** Data excerpt follows **
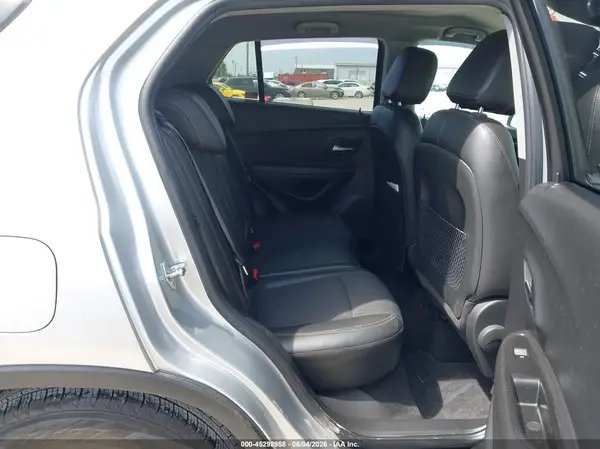 KL7CJLSB6JB586541 2018 CHEVROLET TRAX - Image 8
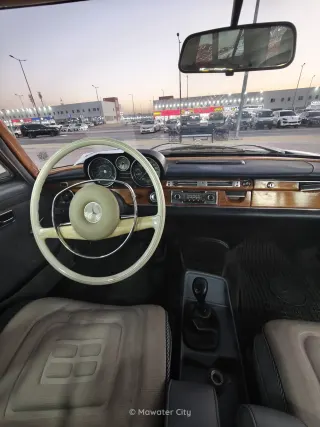 مرسيدس بنز 280 1970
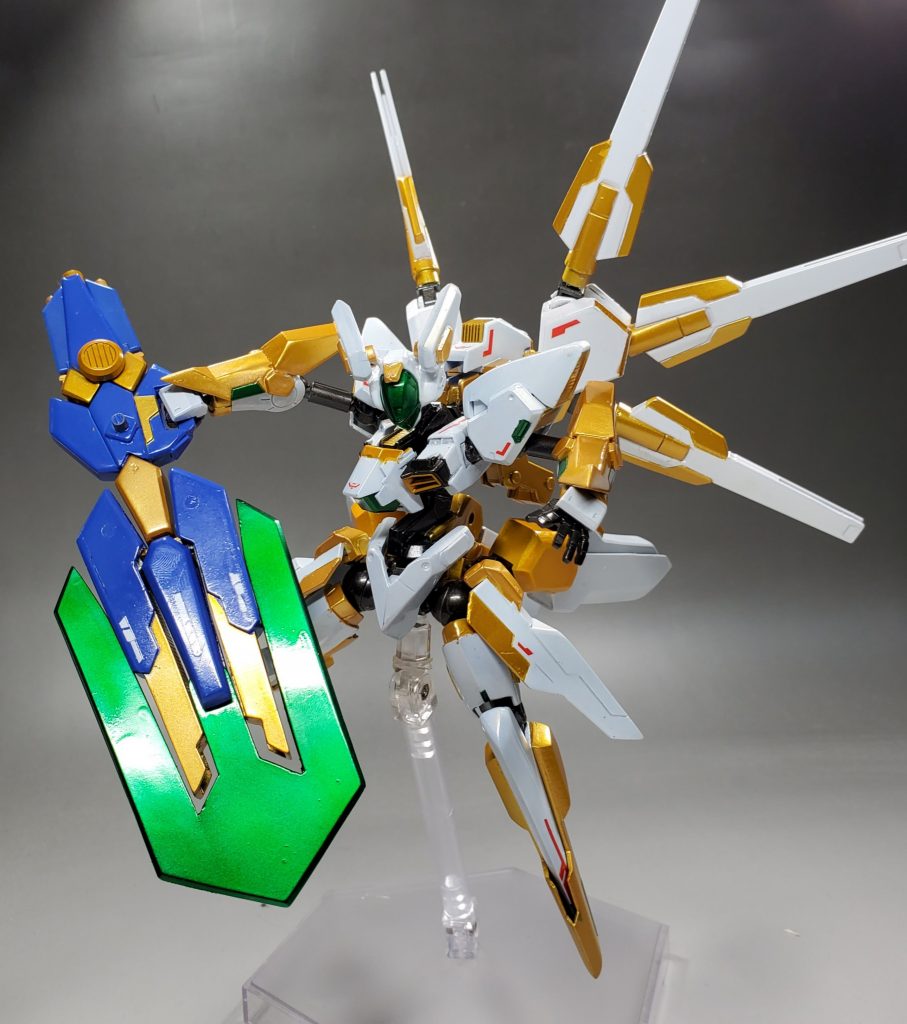 ビームを纏って大型ビームソードへ。他にも形態がありますがスペースがないので割愛。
** End of Data excerpt **
*Your assignment*
The lines from the one containing "مرسيدس بنز 280 1970" up to and including the last line of the material above are to be given again exactly; any pictures are dropped.

*Your response*
 مرسيدس بنز 280 1970
 ビームを纏って大型ビームソードへ。他にも形態がありますがスペースがないので割愛。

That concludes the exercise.